Pension Schemes Bill [HL]

My Lords, I only very recently decided to speak on the Bill. Unfortunately, due to other commitments, I was unable to attend any of the meetings with the Minister—but that will be forthcoming in due course. But here are my initial thoughts on what I have found out so far as, I suppose, a newcomer to pensions.

I agree with all the Bill’s general intentions, but there are some areas where I do not think it has gone far enough and many where pensioners’ security will depend on regulations that we have very little policy guidance on, or reassurance about, in the Bill. I note that the Minister said that we will have illustrative regulations, but we need the shape of the policy and how far in the future those regulations can or cannot

go outlined in the Bill. I hope that, once they are written, something can be adduced from them and reflected backwardly.

Collective money purchase schemes seem entirely sensible for well-known reasons that have already been explained. They enable longevity and other risks to be pooled, and they potentially allow a more consistent investment policy. That is the theory, at least, but it has to be recognised, especially in the potential case of smaller schemes, that the pooled advantages can be undermined by too many transfers out, or even the equivalent of a run by older members. What safeguards are there? Can the Minister say whether this will be kept under watch and count as an “event” to trigger the operation of some safeguards or a continuity plan?

It is clear that a person who has the power to take decisions under the scheme, or a trustee, can intervene to indicate that, for example, the fund should be wound up—but what if they do not give such an indication? How is the regulator to know and intervene; is it only through obtaining valuations and making directions under Clause 23, or are there other mechanisms that make sure that the regulator is well informed?

What is the role of the viability statement in this regard? Is it a specific matter to be reported to the regulator, and, if not, why not? Will schemes be expected to have provisions for lock-in periods or redemption windows? The questions now being asked about investment fund redemptions, following the run on the illiquid Woodford funds, are mirrored here—with the slant, as the noble Lord, Lord Sharkey, and others, have pointed out, that the older generation has the whip hand. I agree very much with the noble Baroness, Lady Altmann, that these new schemes are a halfway house. Something is missing, some kind of capital provision or buffer so that when there is trouble, there is something to call on, rather than seeing those still in the scheme left in the lurch by those old enough to do a runner.

Turning to penalties, I found 20 recitations to do with the new collective scheme, when only the small civil penalties under Section 10 of the Pensions Act 1995 can be invoked. Some of these things deserve greater penalties, especially if done repeatedly or deliberately: for example, not taking actuarial advice; not getting valuations; not carrying out a continuity strategy; not properly dealing with the discharge of liabilities and winding up; or not dealing with directions regarding failures. Seriously, should the maximum fines for what could be pretty egregious omissions really be just £5,000 for an individual or £50,000 for companies?

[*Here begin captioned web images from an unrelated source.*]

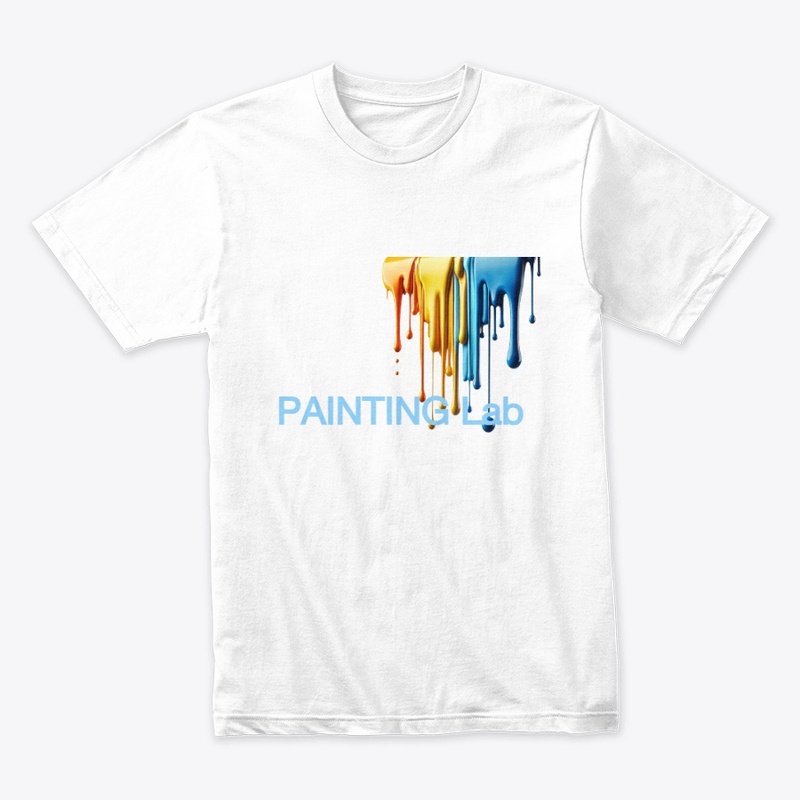 PAINTING Lab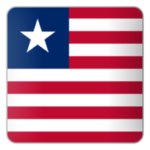 Liberia Dollar - LRD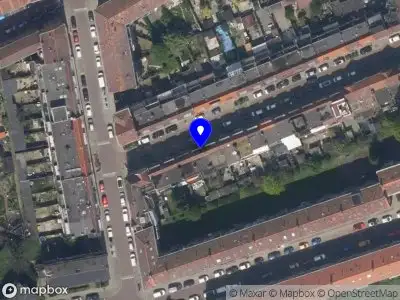 Vereniging van eigenaars gebouw "Verheijstraat 159-161" te Vlaardingen Vlaardingen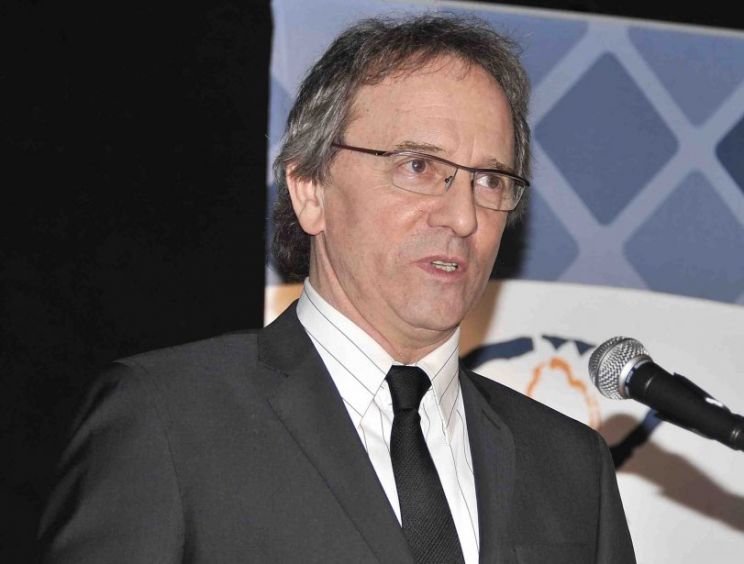 Michel Côté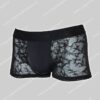 Calvin Klein Low Rise Trunk Microfiber Lace-0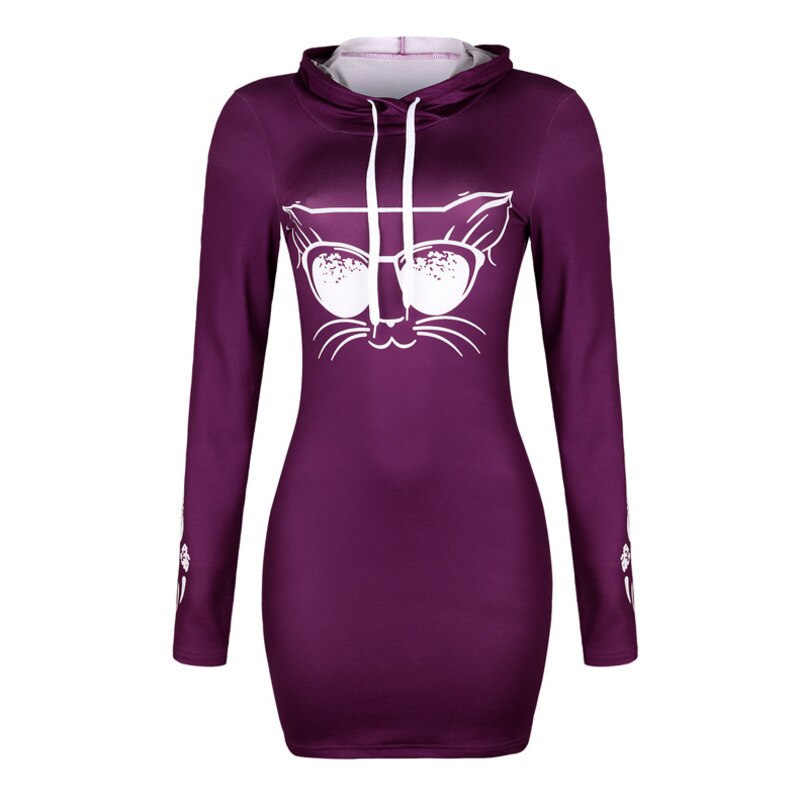 AS | Ležérní a pohodlná mikina s kapucí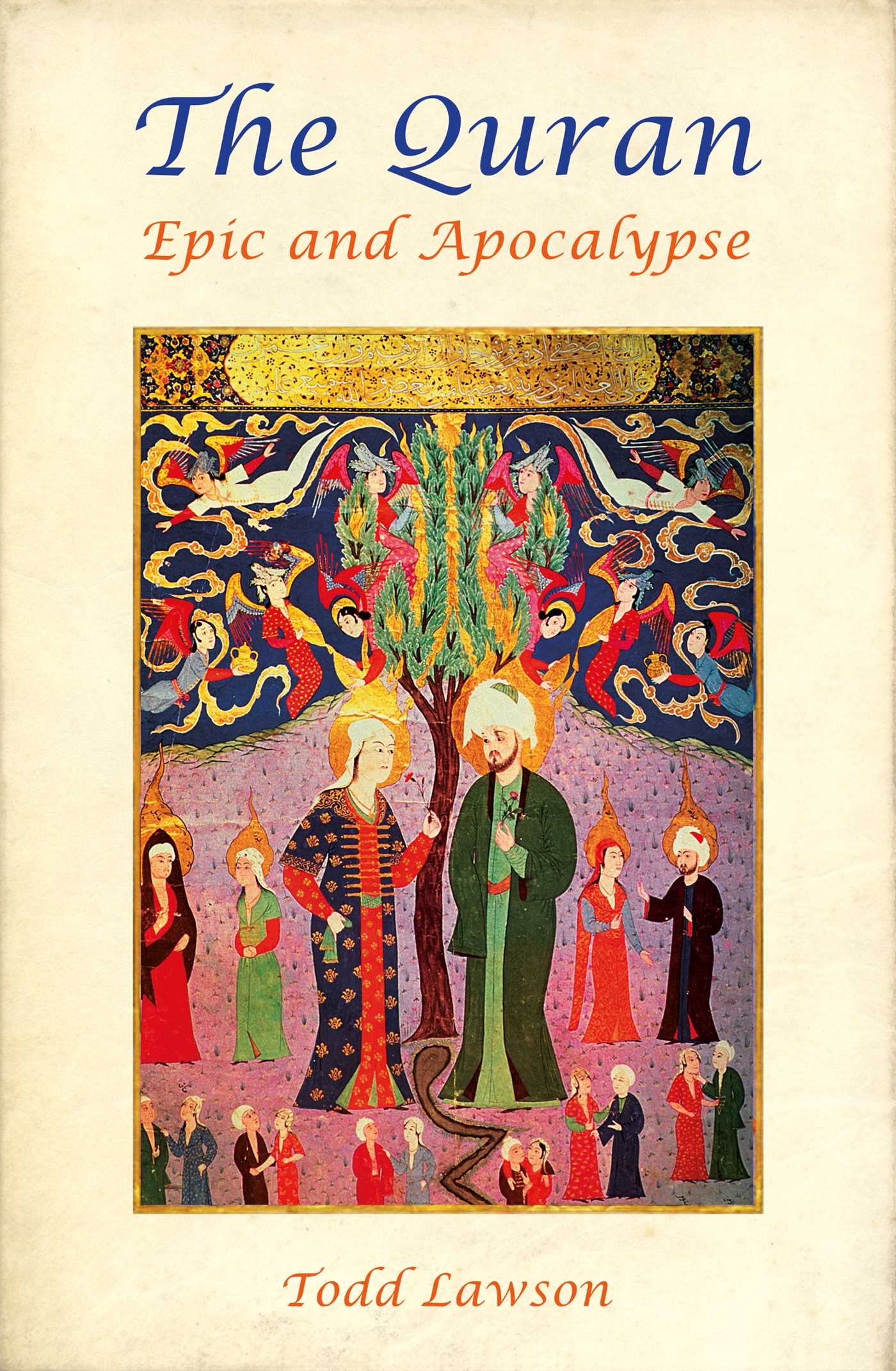 Quran, Epic and Apocalypse
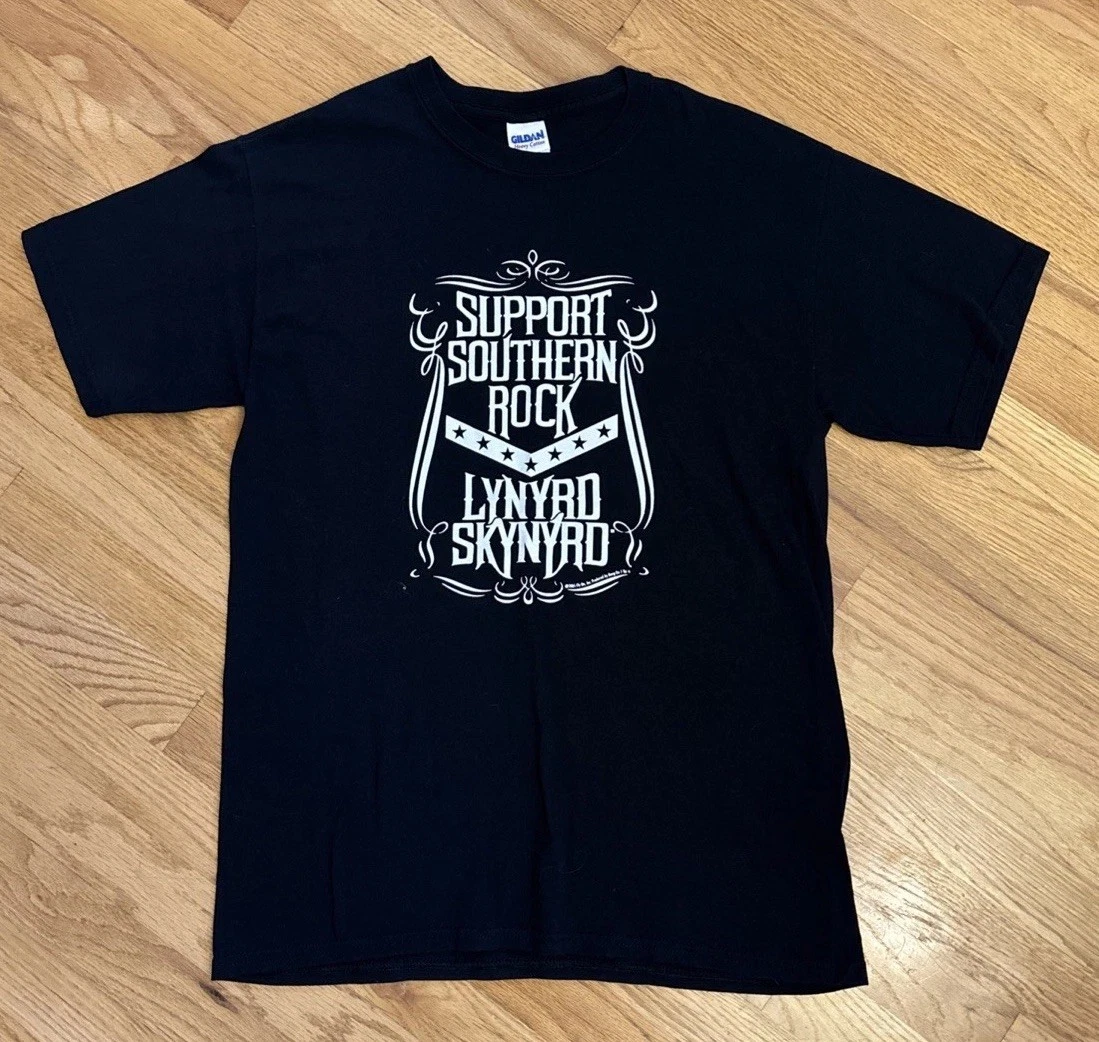 Lynyrd Skynyrd Shirt for sale | eBay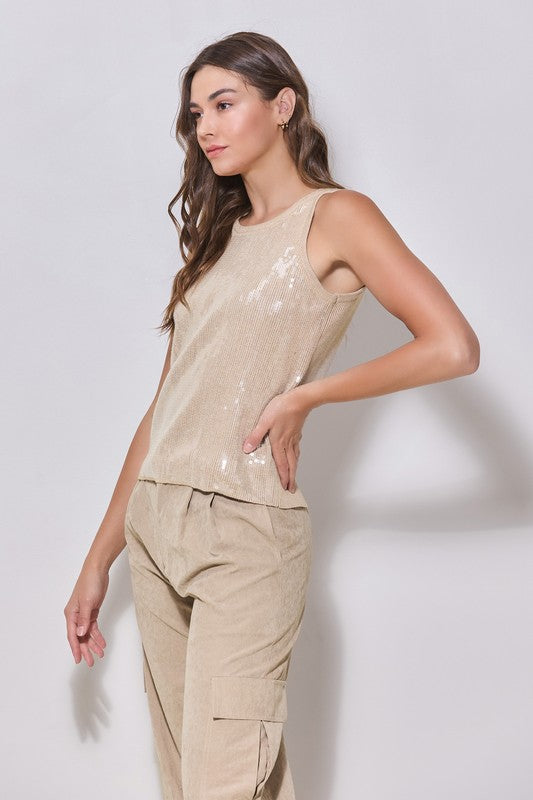 THE TWINKLE TIME TANK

While researching, I looked at the recent fines levied on the regulator’s website. They were all smaller than the Section 10 maximums. I raised an eyebrow at the FCA pension scheme’s fine, but today’s Times says that the £2,000 fine is the highest possible fine for lack of information to members in a chair’s report. Irrespective of what fine the FCA merited, it is another pretty derisory maximum for what could be a serious lack of information provided to members. These fines are

lower than the cost of taking advice on whether you have got your report right. What kind of incentive is it to get your report right?

Elsewhere in the Bill, there are new escalating fines for failing to provide information or allow site inspections. Of course, by that stage things will have got pretty serious, but should the escalating concept be widened for repeat offences and more serious matters related to the viability or stability of a scheme? Early warnings are key, before things get to notifiable or dangerous status. Also, can the Pensions Regulator remove persistent repeat offenders on the basis that they are no longer fit and proper persons? We found out from the FCA’s report on the GRG that removing people as fit and proper was not all that easy, because they put lots of other rules around it that were not necessarily infringed. So what is the situation with the Pensions Regulator and that possibility?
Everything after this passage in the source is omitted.